-- Problem requirements --
Please print the data that follows, keeping every line exact.

Records from a collection:
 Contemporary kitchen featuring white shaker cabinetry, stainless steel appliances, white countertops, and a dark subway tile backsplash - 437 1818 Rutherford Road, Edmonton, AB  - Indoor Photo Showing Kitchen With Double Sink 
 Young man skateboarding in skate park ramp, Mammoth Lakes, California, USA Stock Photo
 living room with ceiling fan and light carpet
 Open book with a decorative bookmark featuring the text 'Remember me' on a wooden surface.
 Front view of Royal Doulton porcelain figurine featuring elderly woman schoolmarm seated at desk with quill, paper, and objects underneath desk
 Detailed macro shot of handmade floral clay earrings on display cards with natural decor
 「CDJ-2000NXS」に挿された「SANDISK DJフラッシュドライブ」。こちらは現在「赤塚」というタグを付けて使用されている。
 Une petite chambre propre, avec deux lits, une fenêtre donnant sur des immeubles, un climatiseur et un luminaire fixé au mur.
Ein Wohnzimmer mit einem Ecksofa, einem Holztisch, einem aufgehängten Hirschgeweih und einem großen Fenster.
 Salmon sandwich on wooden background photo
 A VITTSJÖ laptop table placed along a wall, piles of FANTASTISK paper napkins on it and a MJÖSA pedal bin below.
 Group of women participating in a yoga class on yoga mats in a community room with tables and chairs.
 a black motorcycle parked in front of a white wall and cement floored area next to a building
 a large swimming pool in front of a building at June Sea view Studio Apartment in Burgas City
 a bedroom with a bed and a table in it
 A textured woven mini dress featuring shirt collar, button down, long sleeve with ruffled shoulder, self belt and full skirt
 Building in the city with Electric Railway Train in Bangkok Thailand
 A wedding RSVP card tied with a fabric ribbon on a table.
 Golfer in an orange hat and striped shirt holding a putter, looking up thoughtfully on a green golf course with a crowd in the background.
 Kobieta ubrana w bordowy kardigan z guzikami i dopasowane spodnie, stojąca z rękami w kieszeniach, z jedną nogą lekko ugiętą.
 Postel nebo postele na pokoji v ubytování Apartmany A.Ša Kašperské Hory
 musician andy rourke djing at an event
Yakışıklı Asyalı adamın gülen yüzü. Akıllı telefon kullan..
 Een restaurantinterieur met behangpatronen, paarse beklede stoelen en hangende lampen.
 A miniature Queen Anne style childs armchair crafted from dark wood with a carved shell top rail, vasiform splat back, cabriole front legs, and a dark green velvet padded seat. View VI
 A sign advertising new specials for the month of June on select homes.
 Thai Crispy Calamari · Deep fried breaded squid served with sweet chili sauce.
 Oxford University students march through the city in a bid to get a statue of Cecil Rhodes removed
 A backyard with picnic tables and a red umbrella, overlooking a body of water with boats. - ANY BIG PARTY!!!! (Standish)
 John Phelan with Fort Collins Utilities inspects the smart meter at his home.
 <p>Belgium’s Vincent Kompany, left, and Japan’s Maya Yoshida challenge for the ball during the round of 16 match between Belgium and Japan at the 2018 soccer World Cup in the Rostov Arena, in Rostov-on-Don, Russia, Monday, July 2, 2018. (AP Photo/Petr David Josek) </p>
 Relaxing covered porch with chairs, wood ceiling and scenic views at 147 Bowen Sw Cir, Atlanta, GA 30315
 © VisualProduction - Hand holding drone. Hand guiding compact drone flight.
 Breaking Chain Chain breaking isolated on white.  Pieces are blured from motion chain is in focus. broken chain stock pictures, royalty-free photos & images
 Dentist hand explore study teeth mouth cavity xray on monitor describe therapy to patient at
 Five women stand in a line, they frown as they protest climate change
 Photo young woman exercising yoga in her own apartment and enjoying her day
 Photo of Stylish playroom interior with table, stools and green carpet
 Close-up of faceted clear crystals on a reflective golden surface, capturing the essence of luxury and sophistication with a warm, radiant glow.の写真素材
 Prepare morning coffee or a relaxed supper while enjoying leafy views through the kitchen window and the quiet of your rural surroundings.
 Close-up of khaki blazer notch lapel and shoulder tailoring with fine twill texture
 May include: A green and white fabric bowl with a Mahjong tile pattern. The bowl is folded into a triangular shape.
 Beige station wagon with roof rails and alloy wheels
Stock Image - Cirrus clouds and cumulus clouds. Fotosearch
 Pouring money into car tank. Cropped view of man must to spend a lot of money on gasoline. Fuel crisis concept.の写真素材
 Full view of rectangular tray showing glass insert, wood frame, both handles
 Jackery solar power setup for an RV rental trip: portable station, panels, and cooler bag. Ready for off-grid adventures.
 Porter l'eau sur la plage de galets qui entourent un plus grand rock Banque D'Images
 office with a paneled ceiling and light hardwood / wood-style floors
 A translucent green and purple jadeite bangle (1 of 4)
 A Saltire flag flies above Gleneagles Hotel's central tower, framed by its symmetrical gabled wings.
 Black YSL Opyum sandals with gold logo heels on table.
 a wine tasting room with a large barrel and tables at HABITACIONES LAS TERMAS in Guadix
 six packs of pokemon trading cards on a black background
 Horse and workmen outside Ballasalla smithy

-- Solution to this problem --
 Contemporary kitchen featuring white shaker cabinetry, stainless steel appliances, white countertops, and a dark subway tile backsplash - 437 1818 Rutherford Road, Edmonton, AB  - Indoor Photo Showing Kitchen With Double Sink 
 Young man skateboarding in skate park ramp, Mammoth Lakes, California, USA Stock Photo
 living room with ceiling fan and light carpet
 Open book with a decorative bookmark featuring the text 'Remember me' on a wooden surface.
 Front view of Royal Doulton porcelain figurine featuring elderly woman schoolmarm seated at desk with quill, paper, and objects underneath desk
 Detailed macro shot of handmade floral clay earrings on display cards with natural decor
 「CDJ-2000NXS」に挿された「SANDISK DJフラッシュドライブ」。こちらは現在「赤塚」というタグを付けて使用されている。
 Une petite chambre propre, avec deux lits, une fenêtre donnant sur des immeubles, un climatiseur et un luminaire fixé au mur.
Ein Wohnzimmer mit einem Ecksofa, einem Holztisch, einem aufgehängten Hirschgeweih und einem großen Fenster.
 Salmon sandwich on wooden background photo
 A VITTSJÖ laptop table placed along a wall, piles of FANTASTISK paper napkins on it and a MJÖSA pedal bin below.
 Group of women participating in a yoga class on yoga mats in a community room with tables and chairs.
 a black motorcycle parked in front of a white wall and cement floored area next to a building
 a large swimming pool in front of a building at June Sea view Studio Apartment in Burgas City
 a bedroom with a bed and a table in it
 A textured woven mini dress featuring shirt collar, button down, long sleeve with ruffled shoulder, self belt and full skirt
 Building in the city with Electric Railway Train in Bangkok Thailand
 A wedding RSVP card tied with a fabric ribbon on a table.
 Golfer in an orange hat and striped shirt holding a putter, looking up thoughtfully on a green golf course with a crowd in the background.
 Kobieta ubrana w bordowy kardigan z guzikami i dopasowane spodnie, stojąca z rękami w kieszeniach, z jedną nogą lekko ugiętą.
 Postel nebo postele na pokoji v ubytování Apartmany A.Ša Kašperské Hory
 musician andy rourke djing at an event
Yakışıklı Asyalı adamın gülen yüzü. Akıllı telefon kullan..
 Een restaurantinterieur met behangpatronen, paarse beklede stoelen en hangende lampen.
 A miniature Queen Anne style childs armchair crafted from dark wood with a carved shell top rail, vasiform splat back, cabriole front legs, and a dark green velvet padded seat. View VI
 A sign advertising new specials for the month of June on select homes.
 Thai Crispy Calamari · Deep fried breaded squid served with sweet chili sauce.
 Oxford University students march through the city in a bid to get a statue of Cecil Rhodes removed
 A backyard with picnic tables and a red umbrella, overlooking a body of water with boats. - ANY BIG PARTY!!!! (Standish)
 John Phelan with Fort Collins Utilities inspects the smart meter at his home.
 <p>Belgium’s Vincent Kompany, left, and Japan’s Maya Yoshida challenge for the ball during the round of 16 match between Belgium and Japan at the 2018 soccer World Cup in the Rostov Arena, in Rostov-on-Don, Russia, Monday, July 2, 2018. (AP Photo/Petr David Josek) </p>
 Relaxing covered porch with chairs, wood ceiling and scenic views at 147 Bowen Sw Cir, Atlanta, GA 30315
 © VisualProduction - Hand holding drone. Hand guiding compact drone flight.
 Breaking Chain Chain breaking isolated on white.  Pieces are blured from motion chain is in focus. broken chain stock pictures, royalty-free photos & images
 Dentist hand explore study teeth mouth cavity xray on monitor describe therapy to patient at
 Five women stand in a line, they frown as they protest climate change
 Photo young woman exercising yoga in her own apartment and enjoying her day
 Photo of Stylish playroom interior with table, stools and green carpet
 Close-up of faceted clear crystals on a reflective golden surface, capturing the essence of luxury and sophistication with a warm, radiant glow.の写真素材
 Prepare morning coffee or a relaxed supper while enjoying leafy views through the kitchen window and the quiet of your rural surroundings.
 Close-up of khaki blazer notch lapel and shoulder tailoring with fine twill texture
 May include: A green and white fabric bowl with a Mahjong tile pattern. The bowl is folded into a triangular shape.
 Beige station wagon with roof rails and alloy wheels
Stock Image - Cirrus clouds and cumulus clouds. Fotosearch
 Pouring money into car tank. Cropped view of man must to spend a lot of money on gasoline. Fuel crisis concept.の写真素材
 Full view of rectangular tray showing glass insert, wood frame, both handles
 Jackery solar power setup for an RV rental trip: portable station, panels, and cooler bag. Ready for off-grid adventures.
 Porter l'eau sur la plage de galets qui entourent un plus grand rock Banque D'Images
 office with a paneled ceiling and light hardwood / wood-style floors
 A translucent green and purple jadeite bangle (1 of 4)
 A Saltire flag flies above Gleneagles Hotel's central tower, framed by its symmetrical gabled wings.
 Black YSL Opyum sandals with gold logo heels on table.
 a wine tasting room with a large barrel and tables at HABITACIONES LAS TERMAS in Guadix
 six packs of pokemon trading cards on a black background
 Horse and workmen outside Ballasalla smithy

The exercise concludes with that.